Not everything can be blamed on the cabinet team rather than the deeper idiocy around them; the fact that Britain has never required travellers to take a Covid test this entire time is almost unbelievable, but it reflects a deeper cultural prejudice towards “openness” which has cost us dearly. Likewise, that Government advice is still emphasising handwashing over the Three C’s; the sight of the “NHS Choir” singing indoors at Christmas was the most comically bleak way to end the year — but it’s fine, because they’re all two metres apart!

Clearly there is so much institutional rot explaining Britain’s poor handling of the crisis, but a lot comes down to leadership. A million articles have been written about the prime minister’s Churchill complex; it’s almost a form of Churchillian Drift that British leaders must be compared to the man. But here we are: this is the Summer of 1940, and the current Prime Minister cannot rouse the country, or his party, to mobilise.

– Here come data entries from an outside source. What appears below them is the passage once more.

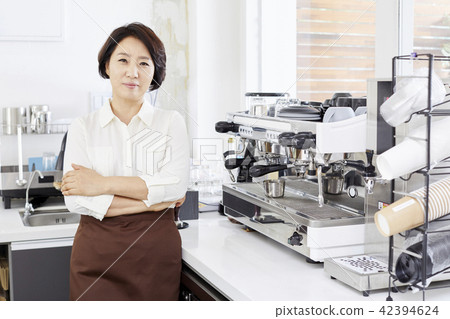 咖啡廳,咖啡師,韓國菜 咖啡廳,咖啡師,韓國菜 42394624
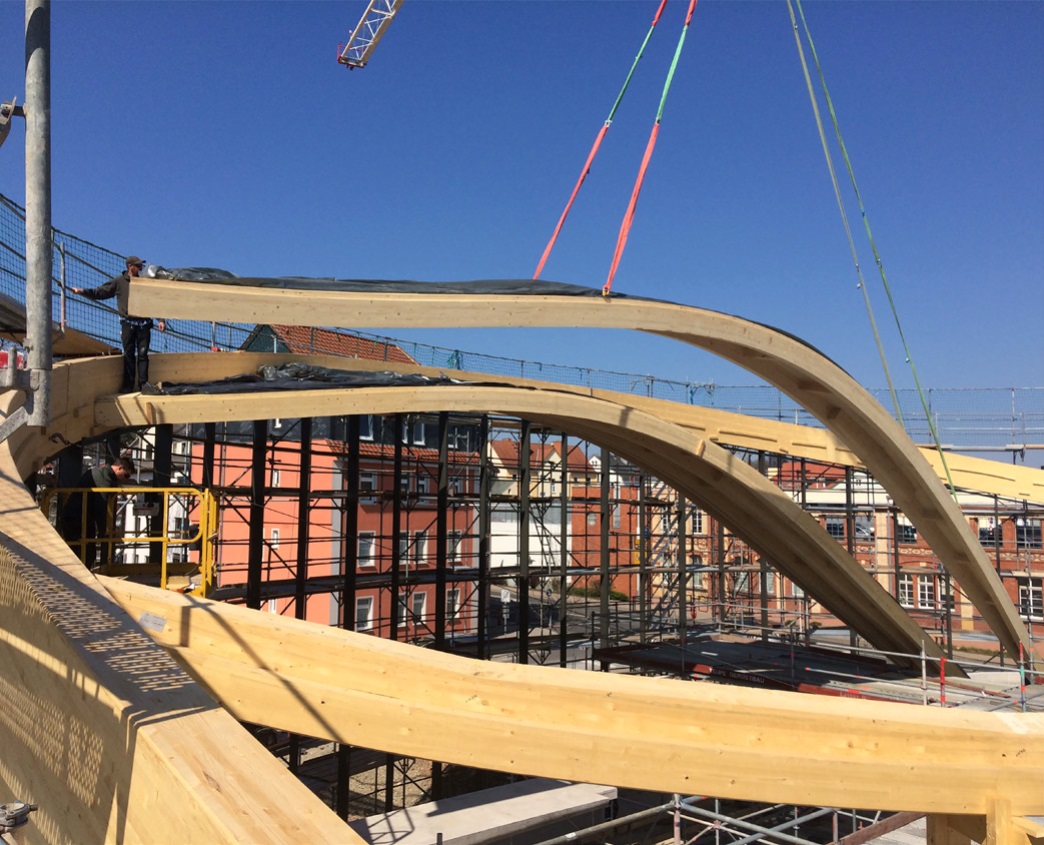 Neubau Schwimmhalle Ilmenau, Montage der Schalenelemente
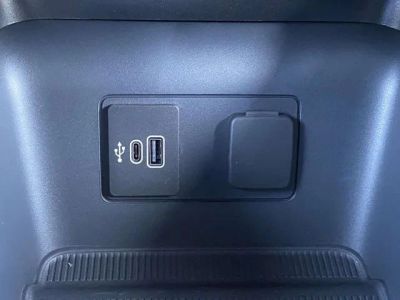 2026 Ford Explorer — photo 18 view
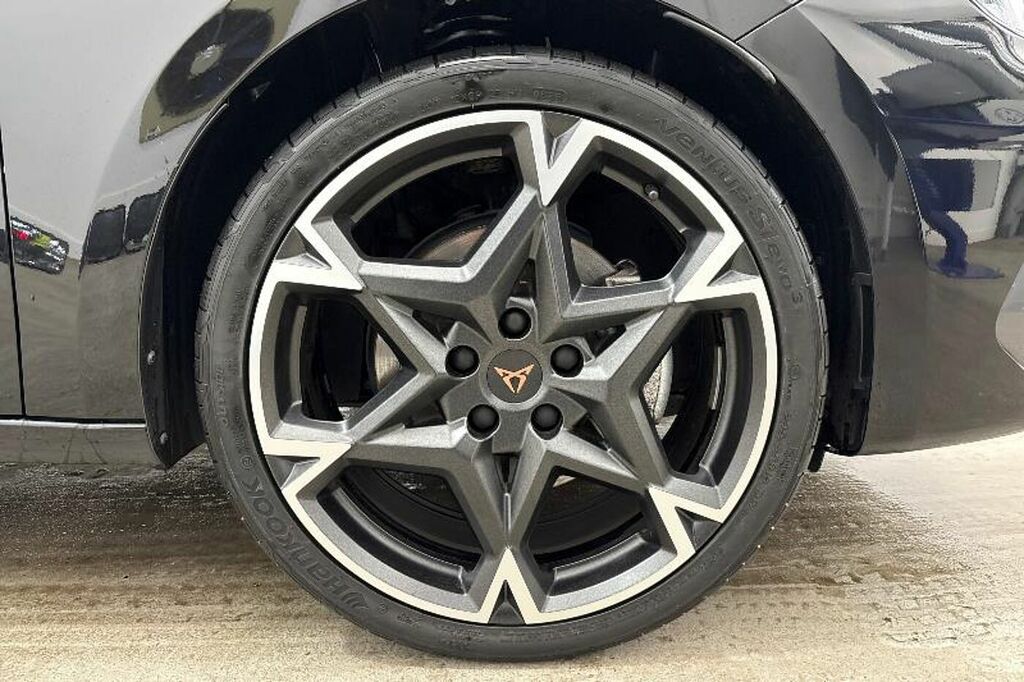 Cupra Leon 1.5 Tsi 150 V2 Black #5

Only Blair seems to appreciate that this is now a wartime emergency, the biggest single crisis we have faced since 1945, and all the Government’s energy now needs to be directed at speeding up the vaccination programme — our only way out of this disaster.

The prime minister, throughout this entire crisis, has lacked the strength to lead his party, and rule over the numerous MPs who seemed to treat this illness like just another seasonal flu. His desire to please both sides has ensured enfeebled rule when strong leadership was needed most of all.

I never voted for Blair, but I don’t doubt for a second that he would do a better job than the current occupier of Number 10. The tragedy of Blair’s rule was that he was elected too young, when with his leadership skills he would have made a far better prime minister with a bit more experience and less naivety. Indeed, he’s only 67 now, just a tiny bit older than a certain maverick Tory politician when he was called for to lead his country in the dark days of 1940.